Leaders: Justice demands fresh Hillsborough inquests
IT IS hard to fully imagine the heartbreak of those Liverpool families who saw their loved ones set off to support their beloved football team on 15 April, 1989, with usual high spirits and camaraderie, never again to see them alive.
It is much easier to grasp the intensity of their anger at the confirmation, dragged from the authorities after decades of campaigning, that dozens of those who lost their lives on that terrible day might have been saved, had it not been for the serial incompetence of those in charge of ensuring their safety.
David Cameron’s apology yesterday, on the occasion of the release of thousands of pages of documents about the Hillsborough disaster, is a welcome acknowledgement from government of the enormity of the tragedy that befell Liverpool that day. But it is hard to imagine this providing any significant degree of comfort or closure for the bereaved, beyond the grim satisfaction of being proved right after all these years.
What is most striking from yesterday’s disclosures is not the series of failings on the part of police and emergency services on the day of the match itself in Sheffield, breathtaking though they are.
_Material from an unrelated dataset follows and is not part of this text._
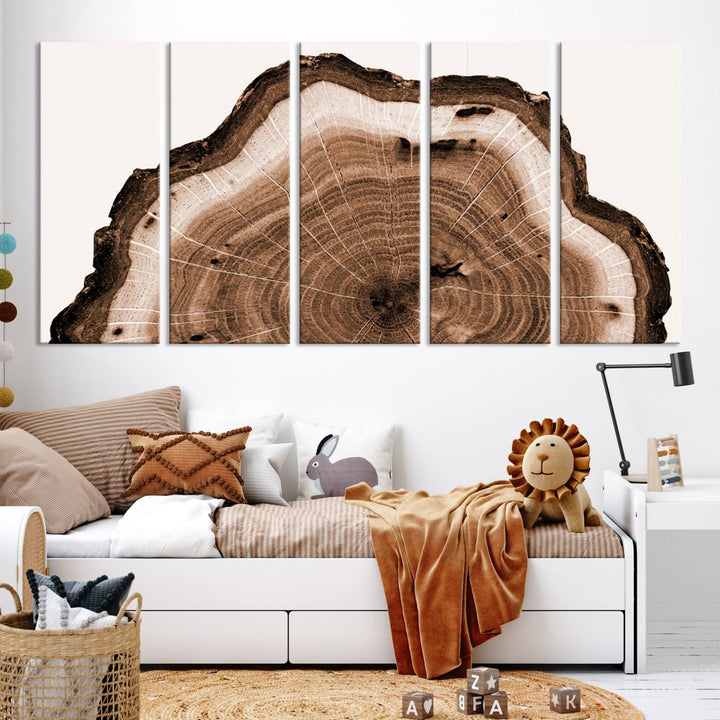 Rustic Wood Rings Wall Art | Nature-Inspired Tree Ring Canvas Print | Ready to Hang and Framed for Farmhouse Wall Decor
Rather it is the cynical way these agencies – the very people we should expect to be able to rely upon for decency and professionalism in times of crisis – tried to cover up their inadequacies when held to account.
Worse still is the way some senior police officers traduced the reputations of the dead and injured in a desperate and callous attempt to avoid the consequences of their professional incompetence. In particular, the police record searches done on the dead in a twisted attempt to lend credence to a narrative that pinned the blame on the victims themselves were a grotesque abuse of power and authority. The primary response to this evidence is one of disgust. These police officers disgraced their uniforms and their profession.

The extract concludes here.